Eerder die maand had ik een brief gevonden op de bus, zij de vermoeiden werden vriendelijk opgeroepen om de wachtenden te vervoegen, de rij is erg lang geworden, na 2024 jaar hopen ze nog steeds op Zijn komst, zelf had ik helaas mijn bus gehaald en voor één keer de koffie voldoende sterk gezet.
Het was niet de eerste keer dat ik werd geroepen, toen ik nog in deze stad woonde en iedereen de ziekte vreesde, trof ik een pamflet aan in de brievenbus, het verkondigde dat Dieumerci il y a un remède, ik prikte het op het kurkbord, ik heb het altijd een prachtige naam gevonden. Af en toe word ik er nog aan herinnerd, de Heer volhardt, dan parkeert hij Zijn wagen in de straat verderop, na 37 jaar van observatie heeft Hij begrepen hoe ik in elkaar zit, Hij heeft de boodschap doorgedreven versimpeld en in een enorm lettertype op de achterruit gestickerd.
Ik begrijp wel waarom ook ik geroepen word, op mijn LinkedIn-pagina zou kunnen staan dat ik zeer gekwalificeerd ben in het afwachten, bijvoorbeeld op het juiste moment of de juiste persoon, de juiste woorden, de jaren van verstand en het eelt op mijn ziel, het haar op mijn tanden, de godgezonden oplossing voor kapotgeschoten steden en de toekomstige ontsporingen van AI.
(Als ik eerlijk ben wacht ik echter nog het meest op de dag waarop ik, persoonlijk dan, me zou kunnen verzoenen met de gang van de zaken, en als dat onhaalbaar zou blijken, dan gewoon een niet mis te verstaan signaal dat de levering van de oplossing helaas even uitgesteld is.)
De realiteit is dat ik wachtte zo hard als ik kan, al mijn hele leven lang, ondanks mijn haast olympische prestatie veranderde er helemaal niets, ik werd er alleen vermoeider van en ook koffie heeft zijn limieten, van cafeïne ga ik helaas ernstig zweten, daarom drink ik te vaak slappe espresso. Mede daarom heb ik het wachten opgegeven, ik probeer me in te leven in de geest van de Atheners van 2300 jaar geleden, zij hadden al begrepen dat je nooit naar de winkel hoeft als je niets nodig hebt, de ene dag lukt het me beter dan de andere.

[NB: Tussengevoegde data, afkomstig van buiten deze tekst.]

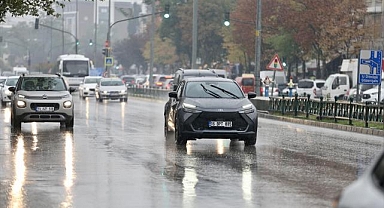 Bursa'da sağanak etkili oluyor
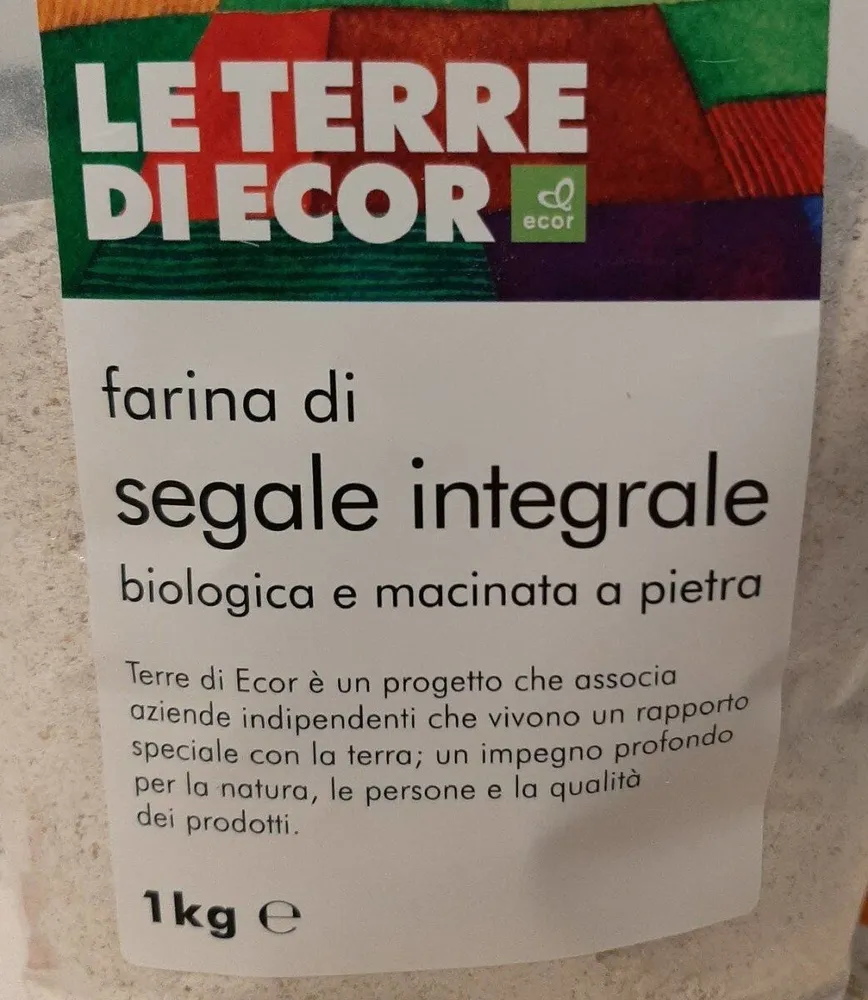 Farina di segale integrale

Dat alles speelde die nacht voor de komst van de man in het wit, de koffie was allang uitgewerkt en de trein dokkerde over de afgeleefde sporen van Brussel-Zuid, een huls van afbrokkelende perrons en vlakten van duister steen. De wanhoop overviel me, toen blikkerde in het uitspansel een signaal, dikke letters als een soort van vlammende neonstruik in het grote niets, ze schreeuwden me geruststellend toe, IN YOUR OWN TIME, nooit was het me zo duidelijk gezegd, zo helder en zo simpel, ik liet me wegzakken in het pluche.